The First Time I Told My Date About My HIV Status

We all lead very different lives, but there are some overarching common experiences. There are a few moments in the life of every person with HIV that they remember forever.

I still remember the time when a girl I dated and had unprotected sex with called me up almost two years after our relationship ended to tell me she is HIV positive. It literally felt as if someone momentarily scooped out all of my insides. I felt like all there was left of me was just skin stretched over some bones with nothing else left inside.

HIV couple and heart

I also have a very vivid memory of the day my test results came back positive. There was nothing but my bones, my stretched out skin and that virus invading my body.

The third moment I remember that has to do with my HIV (I do my best not to let it define me) is when I had to tell a girl I was dating I was positive for the first time. This time, I did not feel this sensation of absolute hollowness. Conversely, I felt the weight of every facet of my situation, how other people see it, how it would affect my every future relationship and so much more.

And this is the experience I would like to talk to you about in more detail – telling my date I have HIV for the first time in my life.

After I was diagnosed, I decided to spend the first two years or so concentrating on my treatment and getting more healthy in my life. I didn’t really decide to put my dating on the backburner as much as there was no time for it. With my job, my therapy and my increasingly healthy lifestyle, there weren’t enough hours in the day. Okay, I guess I could have found the time to date if I were to forego sleep, but I love to sleep, so yeah.

During this time, I also learned as much as I could about HIV, the history of the virus, as well as all of the cultural and sociological implications of being infected. I was surprised as to how relatively quickly HIV and AIDS were forgotten and how little people still knew about it. I also read and heard innumerable people talking about how the virus destroyed their love lives and how this made them depressed.

I figured that since I live in San Francisco, which is a progressive city, I should be alright.

Couple talking at the beach

Then, as my viral load was getting close to zero, I started contemplating dating. To tell you the truth, no matter how occupied I was, I couldn’t ever see myself giving up on girls and dating altogether. So, I started going out again and meeting people. I met a girl at a pretty boring party and we clicked (she thought the party was boring too). We saw each other the following week.

We met for a few lunches but kept things cool. We didn’t even kiss.

I decided very early on that I would tell my future dates about my situation before our first kiss. People are still often very uninformed about HIV and transmission and I decided I want to be as upfront as I could.

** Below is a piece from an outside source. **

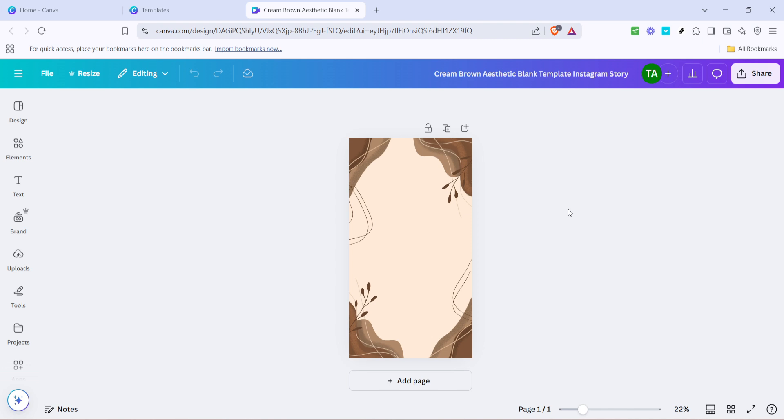Don't forget to save your work frequently. Canva will typically save your progress automatically but it's always good to double check and save manually to avoid losing any changes. And there you have it, you've successfully created a custom template in Canva ready to be used and shared.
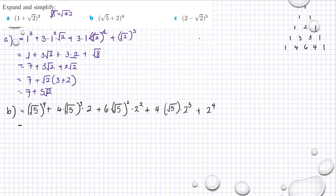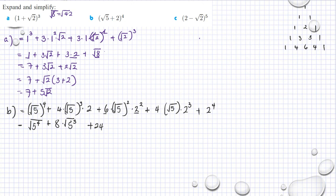Simplifying: (√5)^4 is 25 squared, which is actually 5^4 — wait, that is 25. Then 4 times 2 is 8, multiplied by (√5)^3. Plus 4 times 6 is 24, multiplied by (√5)^2 which is 5 squared, or just 5. Plus 8 times 4 is 32 times √5, plus 2^4 is 16.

We then met at my place. I cooked a dinner and it became very obvious that we were gonna kiss. I then mustered up all my courage and I told her. She was as cool as you would expect someone who never had any experience with HIV to be. I watched the expression on her face. I wanted to see if she would be scared or disgusted or anything. She was surprised and a bit nervous.

Then, the best thing ever happened. She started asking questions. She had a million questions and I actually enjoyed answering them. She felt almost guilty that she didn’t know anything but I told her this was really common.

By the time she was done with questions, it was dawning and I kid you not, despite the fact we were in San Francisco and not New York, the atmosphere was the same as in the last scenes of Frankie and Johnny with Al Pacino and Michelle Pfeiffer.

We kissed.

We had a relationship that lasted about four or five months but we broke up eventually. It had nothing to do with my HIV.

It was as close to a perfect first time one can get when it comes to telling their date they have HIV, but it was still one of those moments that seem to stretch out for eternity. All of the little things surrounding the virus, the mores of dating, history, and my insecurities, all of them were like this muddy substance weighing me down.

Until the words rolled off my tongue.